Reforma Agraria Sebagai Kebijakan Pembangunan Yang Mendasar

Reforma agraria (RA): strategi dasar pembangunan

Di berbagai belahan dunia, reforma agraria merupakan jawaban yang muncul terhadap masalah ketimpangan struktur agraria, kemiskinan dan ketahanan pangan, dan pembangunan wilayah. Berbagai negara, secara beragam mengimplementasikan reforma agraria sesuai dengan struktur dan sistem sosial, politik dan ekonomi yang dianut masing-masing. Terdapat kesamaan pandang dalam meletakkan konsep dasar pembaruannya: keadilan dan kesejahteraan rakyat.

Reforma agraria sebagai strategi dasar pembangunan telah ditempuh oleh hampir semua negara yang mempunyai struktur politik, ekonomi, dan sosial yang baik. Pada penghujung abad yang lalu, reforma agraria telah menjadi bagian penting strategi negara-negara di dunia13 untuk menata struktur politik, ekonomi, dan sosialnya dalam memasuki abad sekarang ini.

Negara-negara Amerika Latin —seperti Venezuela, Brazil, Uruguay, El Salvador, Bolivia sebagai contoh—dan demikian juga negara-negara Asia —seperti Vietnam, Thailand, Filipina, India—telah menjadikan reforma agraria sebagai strategi dasar pembangunannya. Demikian juga Taiwan —yang berhasil dalam melaksanakan reforma agraria—masih terus melanjutkan strategi ini dalam proses pembangunannya.
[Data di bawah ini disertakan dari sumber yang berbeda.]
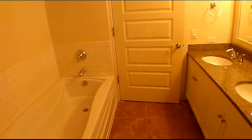The master bath has a glass walk-in shower, a tub, dual sinks, granite countertops, v-board cabinets, and travertine tile flooring.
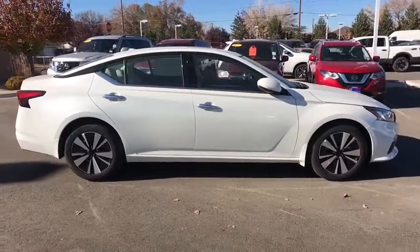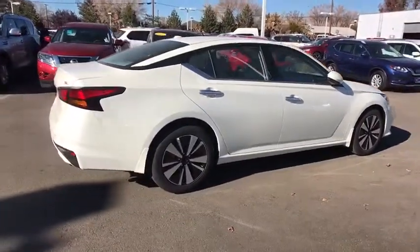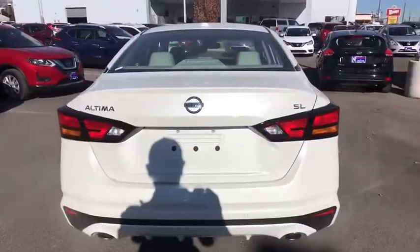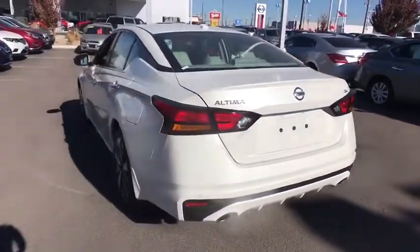Here are some of this vehicle's great options: steering wheel audio controls, traction control, navigation system, remote engine start, anti-lock braking system, keyless entry, stability control, lane departure warning, backup camera, power passenger seat, leather wrapped steering wheel.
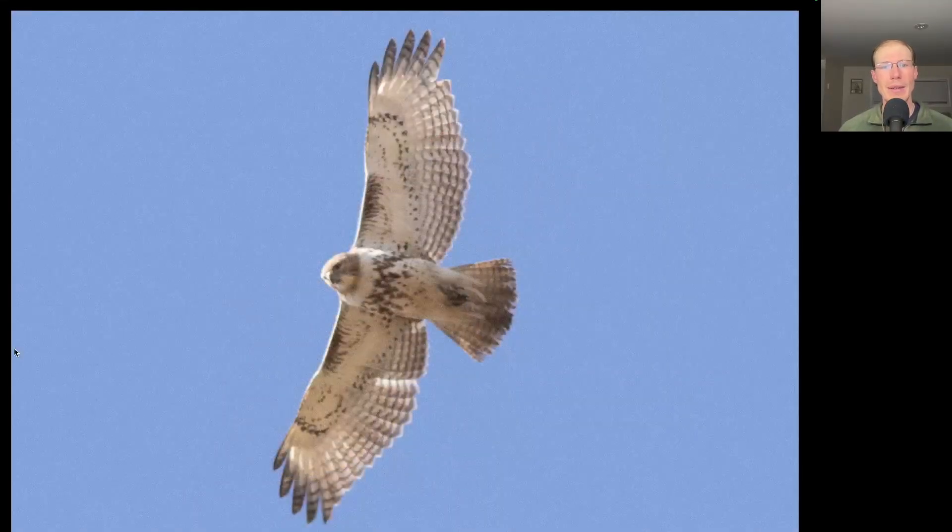Here's another buteo. Again we see a belly band and dark patagial bars, so it's a red-tailed hawk, but we do not see that dark trailing edge to the wings, and we have more of a brownish tail with banding to it. This is a juvenile red-tailed hawk.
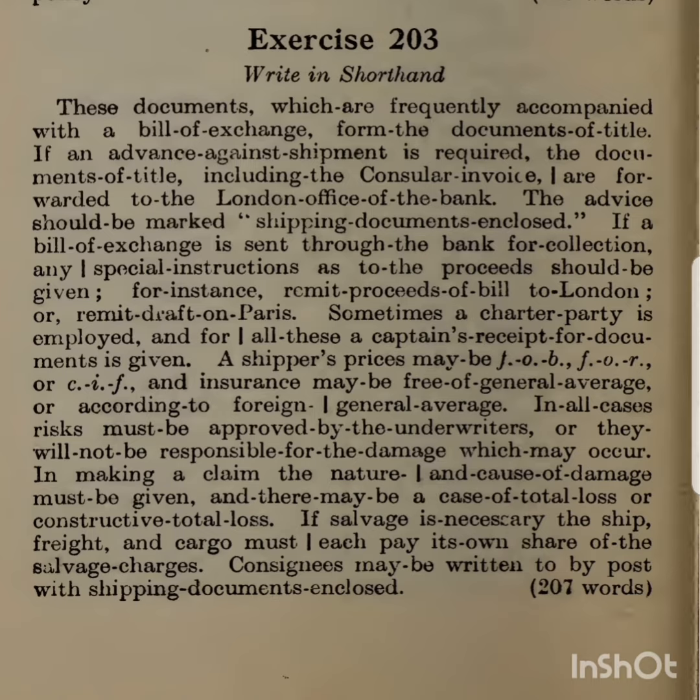any special instructions as to the proceeds should be given; for instance, remit proceeds of bill to London; or remit draft on Paris. Sometimes a charter party is employed, and for all these a captain's receipt for documents is given.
Pengalaman pelaksanaan reforma agraria di berbagai negara, menunjukkan bahwa hampir tidak ada perbedaan pendapat mengenai reforma agraria sebagai strategi dasar pembangunan, perdebatan akan muncul pada tataran implementasi model apa yang akan diterapkan oleh suatu negara. Memetik pengalaman dari berbagai negara, reforma agraria secara garis besar dapat dikelompokkan menjadi empat kategori: (1) radical land reform, tanah milik tuan tanah yang luas diambil alih oleh pemerintah tanpa ganti kerugian, dan selanjutnya dibagikan kepada petani tidak bertanah, (2) land restitution, tanah-tanah perkebunan luas yang berasal dari tanah tanah masyarakat diambil alih oleh pemerintah, kemudian tanah tersebut dikembalikan kepada pemilik asal dengan kompensasi, (3) land colonization, pembukaan dan pengembangan daerah-daerah baru, kemudian penduduk dari daerah yang padat penduduknya dipindahkan ke daerah baru tersebut, dan dibagikan tanah dengan luasan tertentu, dan (4) market based land reform (market assisted land reform), land reform yang dilaksanakan berdasarkan atau dengan bantuan mekanisme pasar yang bisa berlangsung bila tanah tanah diberikan hak (land titling) agar security in tenureships bekerja untuk mendorong pasar finansial di pedesaan. Model-model ini umumnya tidak bisa memenuhi prinsip land reform untuk melakukan penataan penguasaan dan pemilikan tanah yang adil.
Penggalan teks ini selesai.